*Directions for this task*.
All lines from the one containing "Land Rover Defender 2021" through the end of the data below must be reproduced exactly, and no others.

*Brief descriptive captions*.
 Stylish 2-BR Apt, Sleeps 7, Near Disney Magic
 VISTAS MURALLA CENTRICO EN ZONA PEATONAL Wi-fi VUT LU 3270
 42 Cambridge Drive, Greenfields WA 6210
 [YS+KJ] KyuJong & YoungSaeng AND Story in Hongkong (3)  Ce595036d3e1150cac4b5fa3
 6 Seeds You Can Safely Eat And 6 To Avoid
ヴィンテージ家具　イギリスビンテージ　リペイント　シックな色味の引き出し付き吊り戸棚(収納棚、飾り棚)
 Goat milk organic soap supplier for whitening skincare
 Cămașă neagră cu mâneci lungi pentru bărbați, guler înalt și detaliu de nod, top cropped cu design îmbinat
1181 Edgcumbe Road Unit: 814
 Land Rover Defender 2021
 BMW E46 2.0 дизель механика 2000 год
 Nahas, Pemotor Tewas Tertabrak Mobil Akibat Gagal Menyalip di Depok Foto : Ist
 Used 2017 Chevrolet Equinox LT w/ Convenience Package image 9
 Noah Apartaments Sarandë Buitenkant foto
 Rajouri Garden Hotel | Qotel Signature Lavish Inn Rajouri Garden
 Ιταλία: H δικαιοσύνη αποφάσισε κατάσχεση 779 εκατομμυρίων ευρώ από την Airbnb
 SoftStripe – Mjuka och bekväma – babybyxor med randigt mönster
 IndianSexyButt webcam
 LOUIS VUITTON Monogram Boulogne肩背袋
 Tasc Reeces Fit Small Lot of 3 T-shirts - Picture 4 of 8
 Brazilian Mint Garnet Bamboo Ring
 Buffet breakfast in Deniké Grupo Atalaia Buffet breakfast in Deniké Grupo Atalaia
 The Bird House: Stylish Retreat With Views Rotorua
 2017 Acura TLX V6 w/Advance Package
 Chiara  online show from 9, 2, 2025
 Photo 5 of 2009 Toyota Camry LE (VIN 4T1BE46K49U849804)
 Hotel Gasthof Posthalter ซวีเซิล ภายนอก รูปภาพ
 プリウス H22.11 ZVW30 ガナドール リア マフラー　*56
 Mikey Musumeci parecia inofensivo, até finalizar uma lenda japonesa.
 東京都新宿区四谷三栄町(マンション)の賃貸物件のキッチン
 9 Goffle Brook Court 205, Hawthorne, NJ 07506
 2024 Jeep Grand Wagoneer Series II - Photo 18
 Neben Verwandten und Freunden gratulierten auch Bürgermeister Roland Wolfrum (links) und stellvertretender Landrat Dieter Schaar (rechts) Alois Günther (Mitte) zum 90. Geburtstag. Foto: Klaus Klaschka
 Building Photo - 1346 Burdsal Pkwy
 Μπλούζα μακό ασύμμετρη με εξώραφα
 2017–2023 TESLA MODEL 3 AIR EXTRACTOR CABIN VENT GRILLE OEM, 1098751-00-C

*Completed task*.
 Land Rover Defender 2021
 BMW E46 2.0 дизель механика 2000 год
 Nahas, Pemotor Tewas Tertabrak Mobil Akibat Gagal Menyalip di Depok Foto : Ist
 Used 2017 Chevrolet Equinox LT w/ Convenience Package image 9
 Noah Apartaments Sarandë Buitenkant foto
 Rajouri Garden Hotel | Qotel Signature Lavish Inn Rajouri Garden
 Ιταλία: H δικαιοσύνη αποφάσισε κατάσχεση 779 εκατομμυρίων ευρώ από την Airbnb
 SoftStripe – Mjuka och bekväma – babybyxor med randigt mönster
 IndianSexyButt webcam
 LOUIS VUITTON Monogram Boulogne肩背袋
 Tasc Reeces Fit Small Lot of 3 T-shirts - Picture 4 of 8
 Brazilian Mint Garnet Bamboo Ring
 Buffet breakfast in Deniké Grupo Atalaia Buffet breakfast in Deniké Grupo Atalaia
 The Bird House: Stylish Retreat With Views Rotorua
 2017 Acura TLX V6 w/Advance Package
 Chiara  online show from 9, 2, 2025
 Photo 5 of 2009 Toyota Camry LE (VIN 4T1BE46K49U849804)
 Hotel Gasthof Posthalter ซวีเซิล ภายนอก รูปภาพ
 プリウス H22.11 ZVW30 ガナドール リア マフラー　*56
 Mikey Musumeci parecia inofensivo, até finalizar uma lenda japonesa.
 東京都新宿区四谷三栄町(マンション)の賃貸物件のキッチン
 9 Goffle Brook Court 205, Hawthorne, NJ 07506
 2024 Jeep Grand Wagoneer Series II - Photo 18
 Neben Verwandten und Freunden gratulierten auch Bürgermeister Roland Wolfrum (links) und stellvertretender Landrat Dieter Schaar (rechts) Alois Günther (Mitte) zum 90. Geburtstag. Foto: Klaus Klaschka
 Building Photo - 1346 Burdsal Pkwy
 Μπλούζα μακό ασύμμετρη με εξώραφα
 2017–2023 TESLA MODEL 3 AIR EXTRACTOR CABIN VENT GRILLE OEM, 1098751-00-C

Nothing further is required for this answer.